◆ Problem statement
Leave out the pictures and retype, exactly, the lines below from the line with "Honda Civic Lx" up to and including the line with "Escuela castellana, s.XVII.", nothing more.

◆ Source material

***

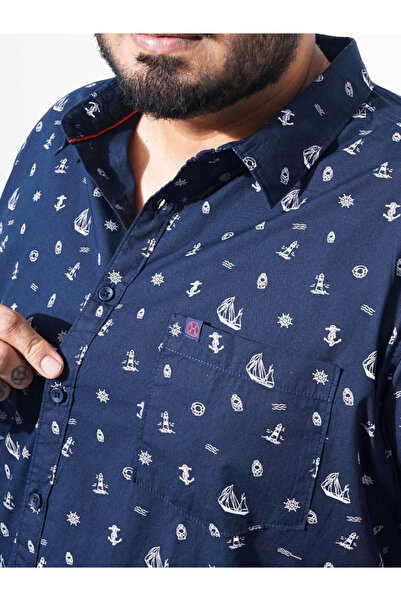 HardSoda By Styli Plus Men Navy Regular Fit Printed Casual Shirt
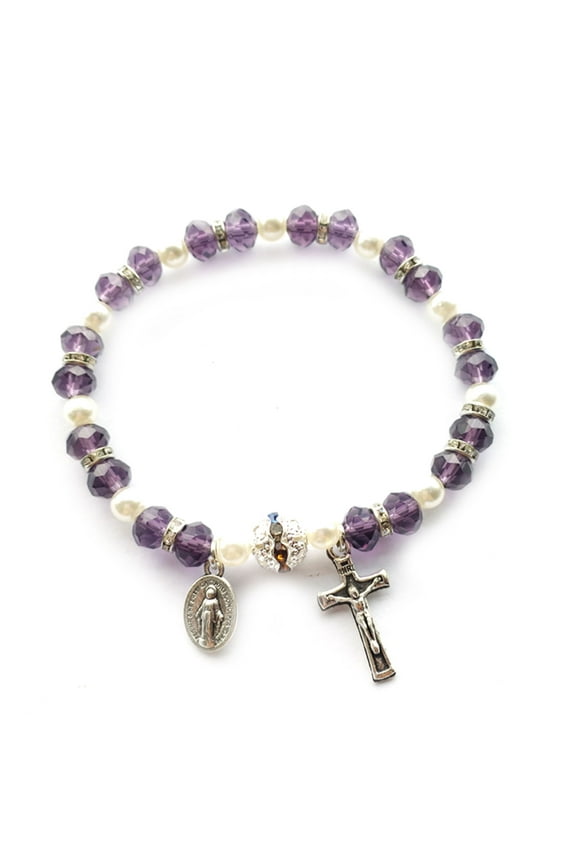 YIEMEEN Catholic Strand Bracelet Women for Cross Charms Beaded Stretch Rosary Bracelet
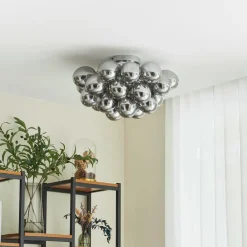 Lucande Loftlamper > loftlampe Diborah, røggrå, glas, Ø 50 cm, G9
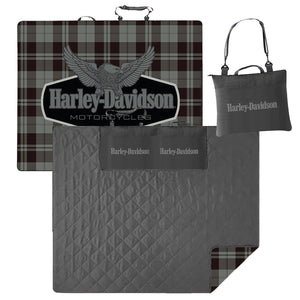Harley-Davidson Soft Folding Blanket w/ Carry Bag 67 x 55 Inches, Black/Gray HDX-99269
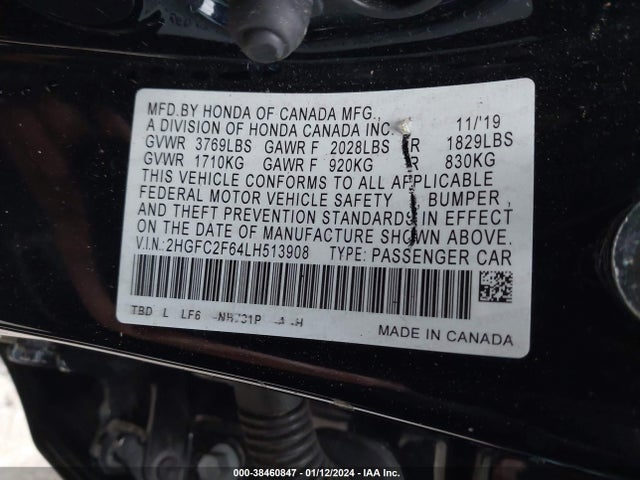 Honda Civic Lx 2020 2HGFC2F64LH513908 Image 9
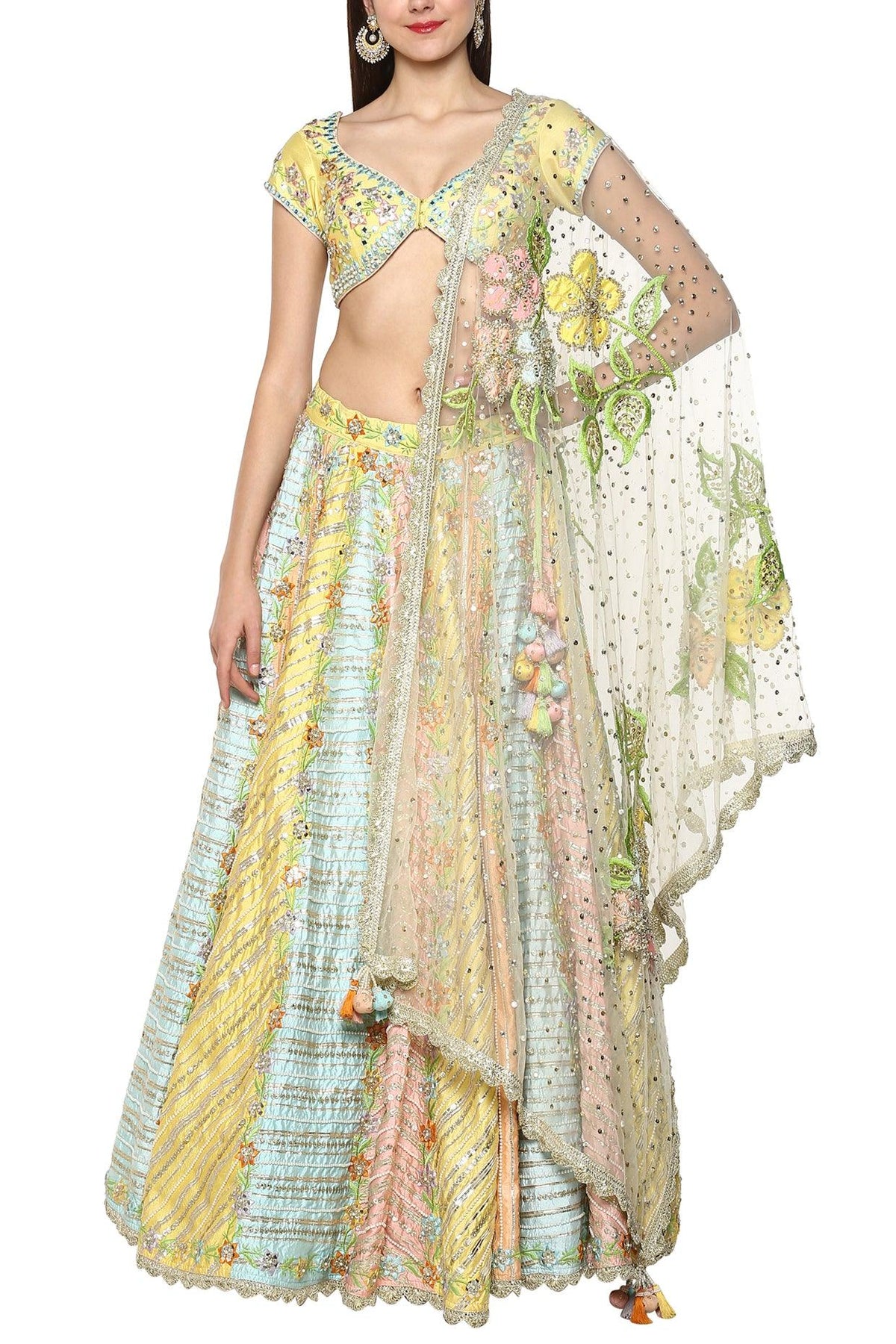 Multi Colored Handcrafted Embroidered Lehenga Set - Preeti s kapoor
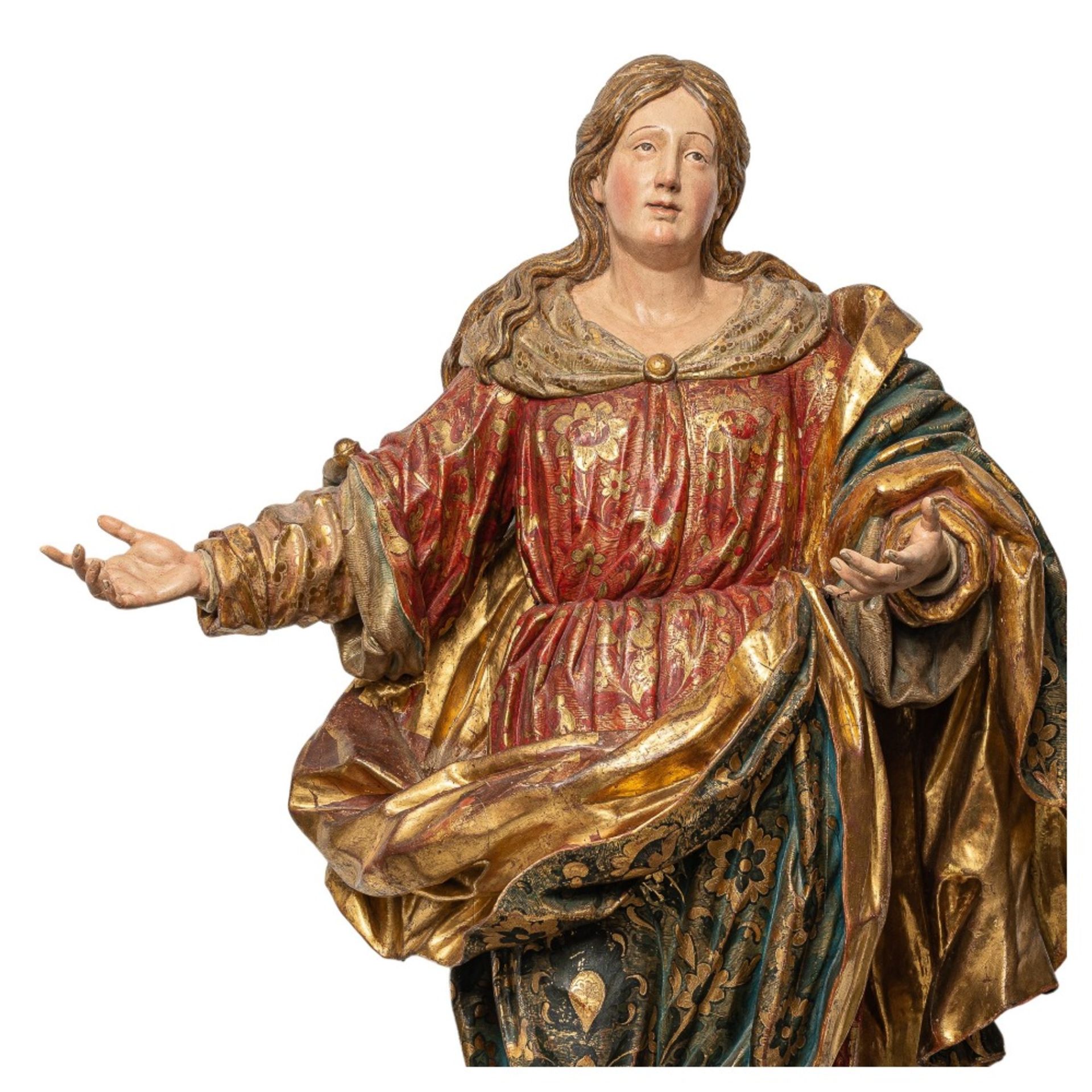 Escuela castellana, s.XVII. Virgen Inmaculada. - Image 2 of 4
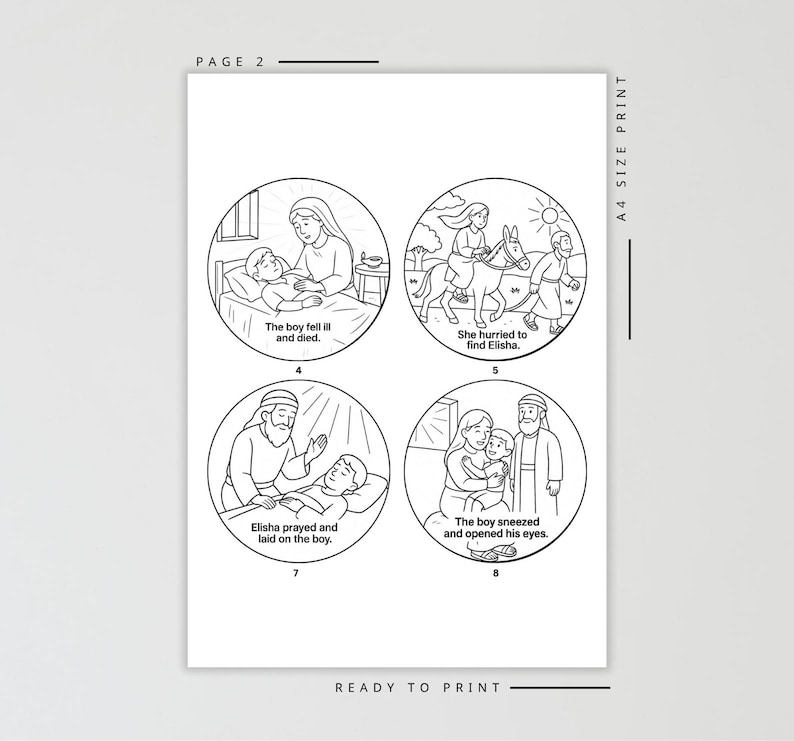 May include: Black and white line art illustrations on a white background. The images depict a story with text, including "The boy fell ill and died," "She hurried to find Elisha," "Elisha prayed and laid on the boy," and "The boy sneezed and opened his eyes."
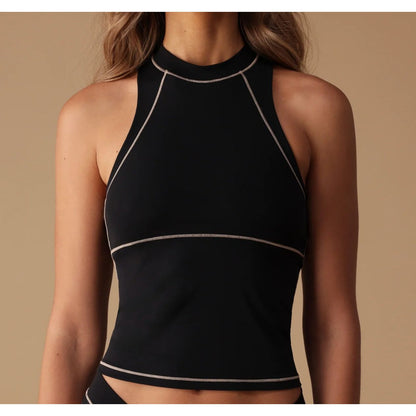 Underdays Black High-Neck Tank Top With Gold Stitching XS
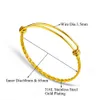 10st / lot grace stunder 3 färger twist bangles armband 316l rostfritt stål justerbar tråd manschett armband gör DIY smycken Q0717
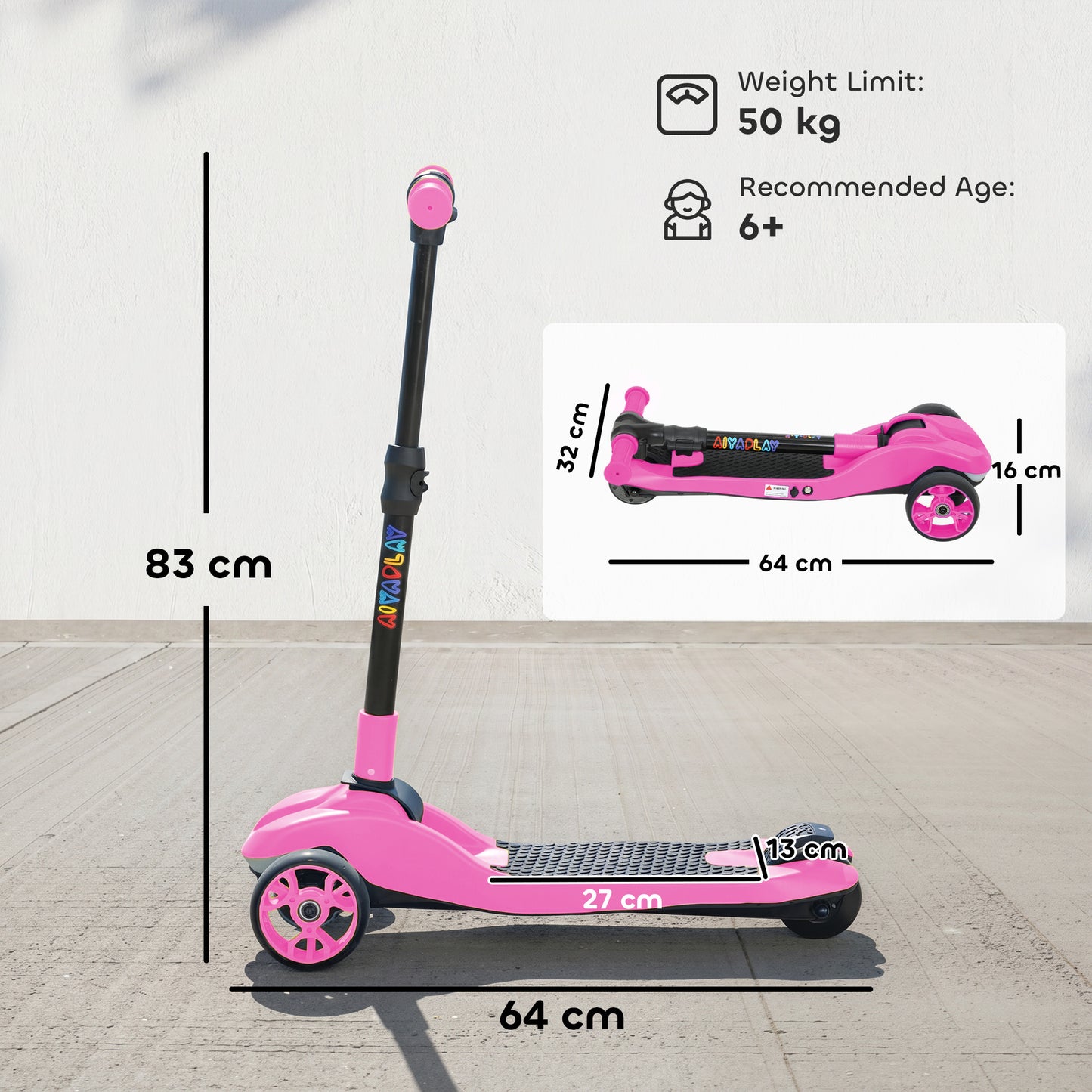 Three-Wheel Foldable Electric Scooter for Kids Aged 6-10 Years, Pink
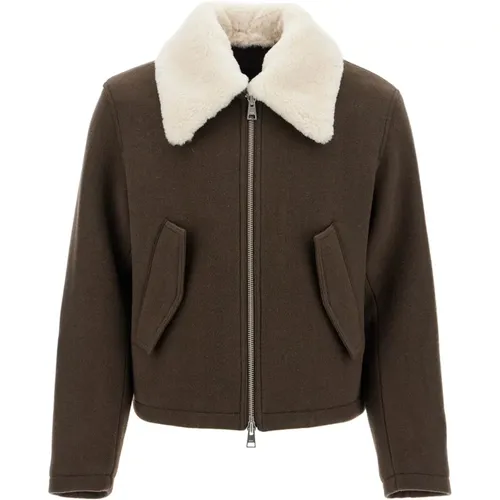 Shearling Kragen Boxy Jacke - Ami Paris - Modalova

***

◆ Output
 Honda Civic Lx 2020 2HGFC2F64LH513908 Image 9
 Multi Colored Handcrafted Embroidered Lehenga Set - Preeti s kapoor
 Escuela castellana, s.XVII. Virgen Inmaculada. - Image 2 of 4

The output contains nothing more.